Being the editor of Phaidon’s prestigious Contemporary Artists Series gives Michele Robecchi rare insights into the minds of those pushing the art conversation into new terrain, working with the day’s major figures to create the definitive statements of their artistic careers. As the former managing editor of Flash Art and a globetrotting independent curator, he has also covered quite a bit of critical ground in contemporary art over the years. Here, Robecchi applies his keen perspective to NADA Miami Beach, sharing his favorite works from this year’s fair.
I was familiar with Adrián S. Bará's sculptures but not with his video work. It's so interesting how he stretches the temporal perception of images by adapting them to the music. Art fairs are normally not the best place where to experience video art but I hope people will take some time with this.
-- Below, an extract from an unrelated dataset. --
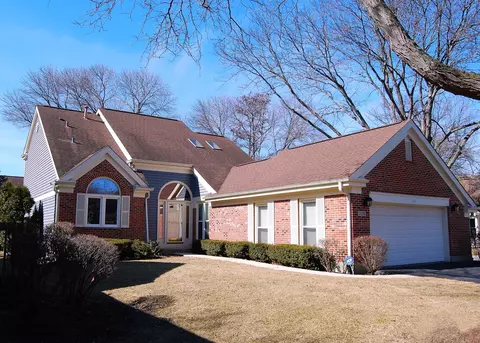 2128 N Lake Shore Circle Cir, Arlington Heights, IL 60004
Rafal Bujnowski is a quiet revolutionary. The respect he has for painting doesn't stop him from challenging it at every turn. His work is always visually appealing yet slightly unpredictable.
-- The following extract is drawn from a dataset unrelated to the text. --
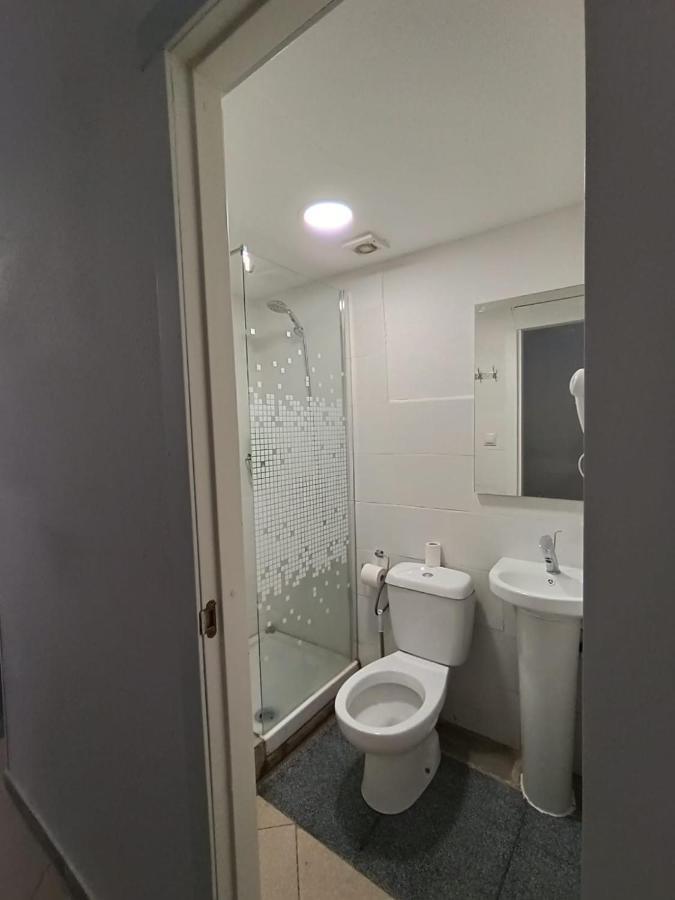 Parsa Booking Madri Exterior foto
Experiencing Tom Friedman’s work, when he is in top form, is like looking through a Zen aphorism. You spend six seconds reading it and six weeks thinking about it.
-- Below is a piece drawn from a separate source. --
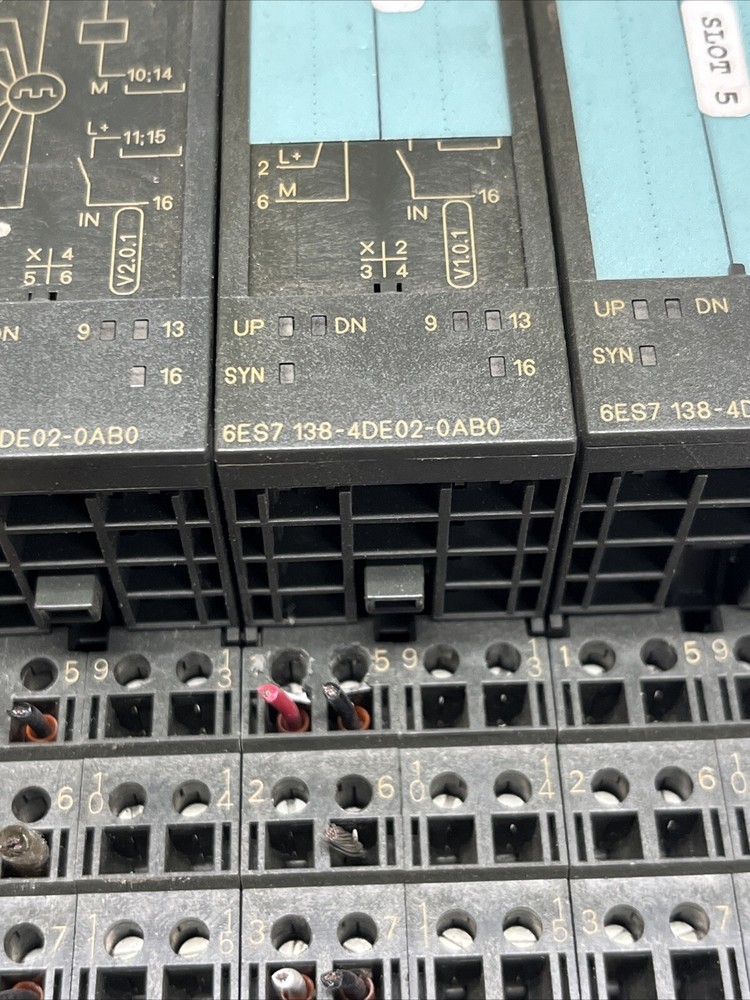 SIEMENS RACK WITH 5 SLOTS SEE PHOTOS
We recently published a monograph on Theaster Gates and this is one of the pieces in the book. "To Speculate Darkly," Gates' response to Leonard Todd's biography of David Drake, aka Dave the Potter, is nothing short of brilliant.
This a great example of how yesterday's attempts to imagine the future, no matter how advanced, are destined to become today's past. Gunderson's useless machines emanate that strange feeling of mystery and familiarity at the same time.
The American flag is a bit of a "no go" zone after Jasper Johns, but this is a great interpretation.
A simple yet clever sideswipe at the readymade concept. A bit in the vein of Picasso’s Bull Head.
In my humble opinion, Erika Vogt's work is what sculpture should be about. Faced with the spatial restrictions dictated by an art fair booth, this piece deals with mass and space in a very subtle if intimate fashion.
Michael Wang managed to create a surprisingly accurate portrait of my hometown. Don’t ask.
Rose Wylie is a wonderful artist. Late recognition and many pressure-free years of work might be the key to her paintings still being so fresh, but I think she is genuinely unjaded. This piece is unapologetically elemental and unknowing. It’s the life of a human being presented in the way it’s supposed to be.